O rosto de Isabelle suavizou.
— Sav…
— Ela achava que ele era perfeito. Que eles tinham tudo. — Continuei, ignorando sua tentativa de amenizar o assunto. — E então, um dia, ele simplesmente parou de amá-la.
As lembranças eram vívidas. Tão nítidas que às vezes pareciam estar acontecendo de novo, como um pesadelo recorrente do qual eu não conseguia fugir.
Eu tinha oito anos quando vi meu pai arrumar as malas e sair de casa. Ele não gritou. Não discutiu. Apenas disse à minha mãe que não a amava mais.
O que veio depois foi muito pior. Minha mãe se partiu em pedaços bem diante dos meus olhos.
Ela deixou de comer. Deixou de sair do quarto. Chorava todas as noites, pensando que eu estava dormindo e que não podia ouvi-la. Mas eu ouvia. Eu sempre ouvia.
— Ela acreditou que amor era suficiente. — Continuei, minha voz carregada com o peso daquela lembrança. — E ele provou que não era.
Isabelle ficou em silêncio, absorvendo minhas palavras.
— Ele nunca mais voltou? — Ela perguntou depois de um tempo.
Soltei um riso amargo.
— Voltar? Não. Ele só foi começar outra vida em outro lugar.
Porque, claro, ele tinha outra família. Minha mãe descobriu meses depois. Ele já estava com outra mulher, já tinha outra filha. E nunca mais procurou por mim.

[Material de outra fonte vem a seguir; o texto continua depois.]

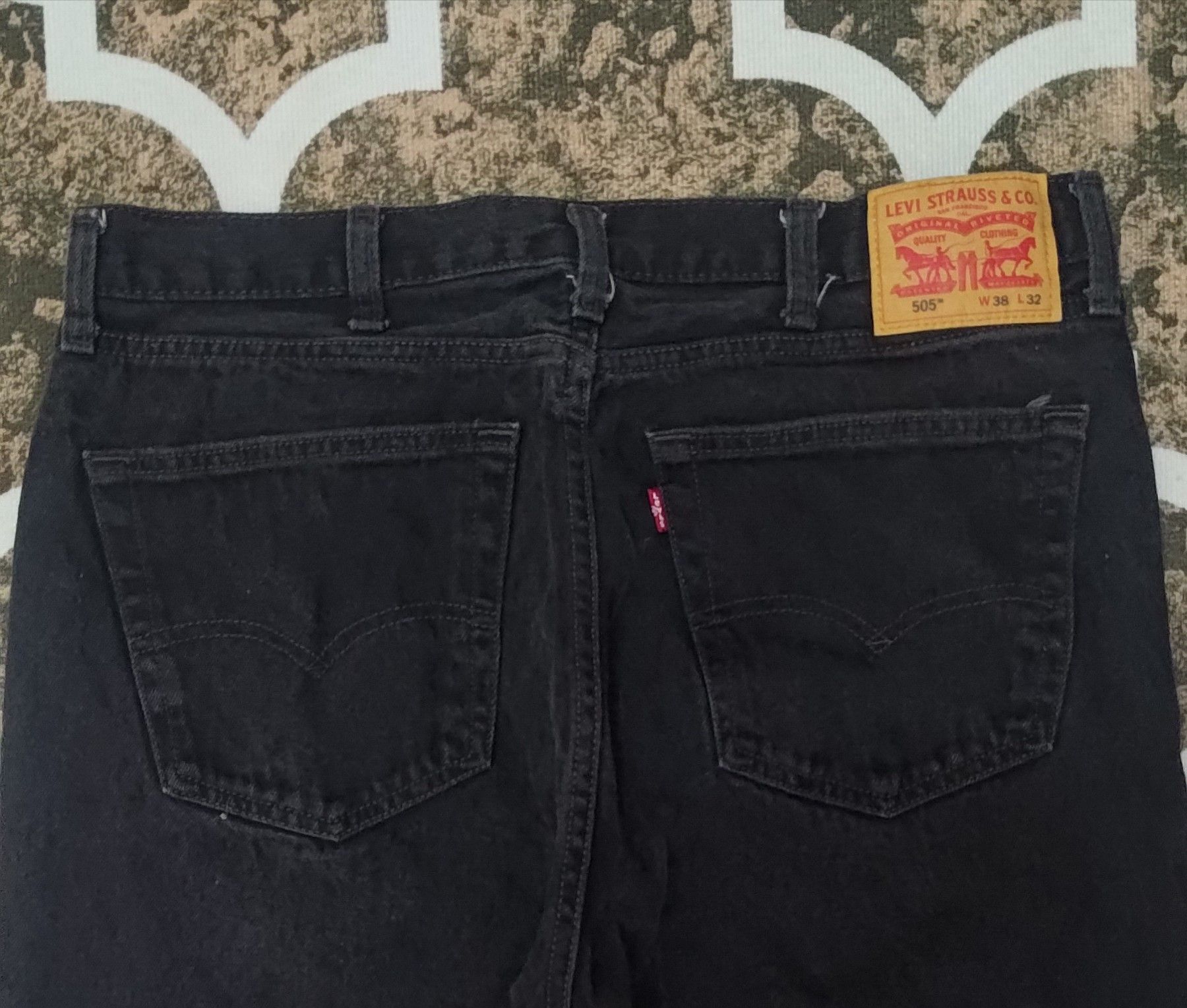 Levi's Levi's 505 W35 L32 Black Denim Size US 37 - 4 Thumbnail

— Eu cresci ouvindo minha mãe dizer que o amor machuca. Que destrói. Que nunca dura. — Murmurei, apertando os dedos ao redor da taça. — E quer saber? Ela estava certa.
— Não, Savannah. — Isabelle se inclinou para frente. — Ela estava ferida. Mas isso não significa que amar é errado.
— Então por que o amor acaba?
Ela piscou, como se não soubesse responder. Porque não havia resposta. Eu havia passado minha vida inteira observando relacionamentos se desintegrarem. O da minha mãe. O das amigas dela. Das minhas amigas.
Toda vez que alguém começava a se importar demais comigo, eu sentia um alarme disparar dentro de mim. Porque eu sabia como aquilo terminaria. Meu pai também amou minha mãe um dia. Ele também foi dedicado, apaixonado, disposto a tudo por ela. Até o dia em que não foi mais.
Então, como eu poderia confiar que isso não aconteceria comigo?
— É por isso que você não deixa Adam se aproximar? — Isabelle perguntou suavemente.
Não respondi de imediato. Apenas bebi o restante do vinho e coloquei a taça sobre o balcão.
— Eu não sou feita para isso, Isabelle. — Murmurei, olhando para ela. — Nunca fui.
Ela suspirou e balançou a cabeça, mas não insistiu mais. Porque no fundo, ela sabia que eu não estava pronta para mudar de ideia. Talvez… nunca estivesse.
Depois da conversa, fui para o meu quarto, enquanto Isabelle pedia uma pizza para gente jantar, Nenhuma de nós queria cozinhar. E sinceramente, não éramos boas no fogão.
Fechei a porta do quarto atrás de mim, soltando um longo suspiro enquanto passava a mão pelos cabelos. A conversa com Isabelle ainda ecoava na minha mente.
Eu não era alguém que se entregava fácil. Não era alguém que se iludia. E, definitivamente, não era alguém que acreditava no amor.
Mas então… por que Thomas Montserrat continuava aparecendo nos meus pensamentos?
Caí sobre a cama, encarando o teto escuro do quarto. Eu sabia a resposta. Era impossível ignorá-lo.
Aquele homem tinha algo que desafiava a lógica. Um magnetismo cruel, uma presença sufocante que fazia o ar ao seu redor pesar. Como se ele soubesse exatamente o impacto que causava e, pior, gostasse disso.
Ele era irritantemente bonito. Talvez Isabelle estivesse certa sobre ele ser perigoso.
Não do tipo comum, previsível. Não. Thomas era perigosamente bonito. O tipo de beleza que arruinava.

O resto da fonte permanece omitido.